3. Optimize the code by profiling simple use-cases to find the bottlenecks and speeding up these bottleneck, finding a better algorithm or implementation. Keep in mind that a trade off should be found between profiling on a realistic example and the simplicity and speed of execution of the code. For efficient work, it is best to work with profiling runs lasting around 10s.

### Profiling Python code
- Measure: profiling, timing
- the fastes code is not always what you think

#### Timeit

In [10]:
import numpy as np
a = np.arange(1000)
%timeit a ** 2

The slowest run took 21.69 times longer than the fastest. This could mean that an intermediate result is being cached 
100000 loops, best of 3: 5.83 µs per loop


#### Profiler

In [11]:
# %run -t demo.py

In [12]:
# % run -p demo.py

``` shell
python -m cProfile -o demo.prof demo.py

```

#### Line-proifiler

In [13]:
# @profile
def test():
    data = np.random.random((5000, 100))
    u, s, v = linalg.svd(data)
    pca = np.dot(u[:, :10], data)
    results = fastica(pca.T, whiten=False)
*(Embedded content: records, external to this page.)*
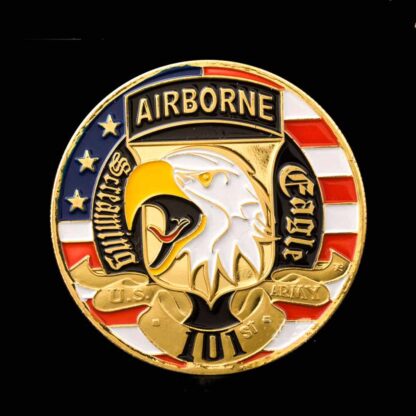 Купить 10pcs Non Magnetic American 101St Airborne Division Air Force Challenge Craft Gold Plated Coin 1.57"*0.12" Operation Iraqi Freedom Souvenir US Medal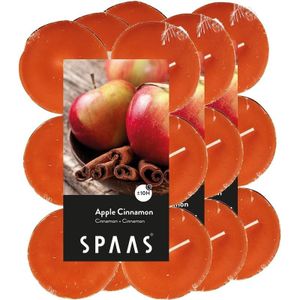36x Maxi geurtheelichtjes Apple Cinnamon 10 branduren - Geurkaarsen appel/kaneel geur - Grote waxinelichtjes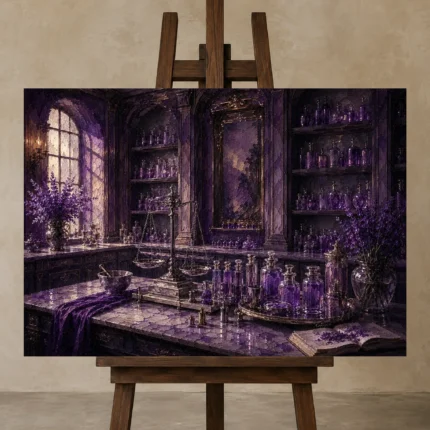 Premium Wall Art Yatay Html Edition – NM3-PUR-LP-H-003 displayed on a studio easel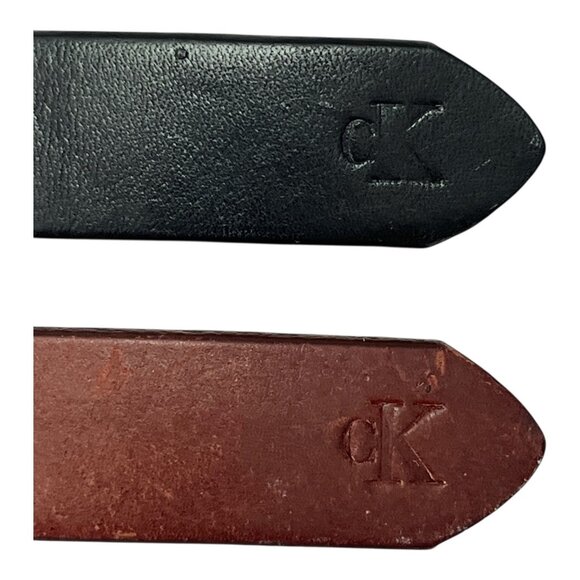 Calvin Klein Italian Saddle Leather Belts – Set of 2 (Black & Brown, Medium, 29” - Picture 4 of 9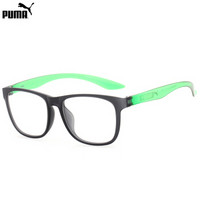 PUMA 彪马 中性款黑色哑光镜框绿色亮面镜腿光学眼镜架眼镜框 PU0034OA-003 53mm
$ kernprof.py -l -v demo.py

### Making code go faster

#### Algorithmic optimization

In [14]:
data = np.random.random((500, 100))
%timeit np.linalg.svd(data)

1 loops, best of 3: 441 ms per loop


In [15]:
from scipy import linalg

In [16]:
%timeit linalg.svd(data)

1 loops, best of 3: 438 ms per loop


In [17]:
%timeit linalg.svd(data, full_matrices=False)
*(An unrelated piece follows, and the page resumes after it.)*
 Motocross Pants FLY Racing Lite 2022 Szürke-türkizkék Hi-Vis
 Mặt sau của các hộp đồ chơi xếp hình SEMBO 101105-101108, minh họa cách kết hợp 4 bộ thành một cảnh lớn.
1 loops, best of 3: 347 ms per loop


### Writing faster numerical code
- Vectorizing for loops
- Broadcastinh
- In place operations

In [19]:
a = np.zeros(1e7)
%timeit global a ; a = 0*a

10 loops, best of 3: 98.7 ms per loop


  if __name__ == '__main__':


In [20]:
%timeit global a ; a *= 0

100 loops, best of 3: 17.6 ms per loop


- Be easy on the memory: use views, and not copies

In [21]:
a = np.zeros(1e7)
%timeit a.copy()

10 loops, best of 3: 44.9 ms per loop


  if __name__ == '__main__':


In [22]:
%timeit a + 1

10 loops, best of 3: 44 ms per loop


- Beware of cache effects

In [23]:
c = np.zeros((1e4, 1e4), order='C')

  if __name__ == '__main__':


In [24]:
%timeit c.sum(axis=0)


1 loops, best of 3: 95.1 ms per loop


In [25]:
%timeit c.sum(axis=1)

1 loops, best of 3: 148 ms per loop


In [27]:
c.strides

(80000, 8)

In [28]:
In [5]: a = np.random.rand(20, 2**18)

In [6]: b = np.random.rand(20, 2**18)

In [7]: %timeit np.dot(b, a.T)

10 loops, best of 3: 27.4 ms per loop


In [29]:
In [8]: c = np.ascontiguousarray(a.T)

In [9]: %timeit np.dot(b, c)

10 loops, best of 3: 25.5 ms per loop


In [30]:
In [10]: %timeit c = np.ascontiguousarray(a.T)

10 loops, best of 3: 148 ms per loop


- Use compiled code

For all the above: profile and time your choices. Don’t base your optimization on theoretical considerations.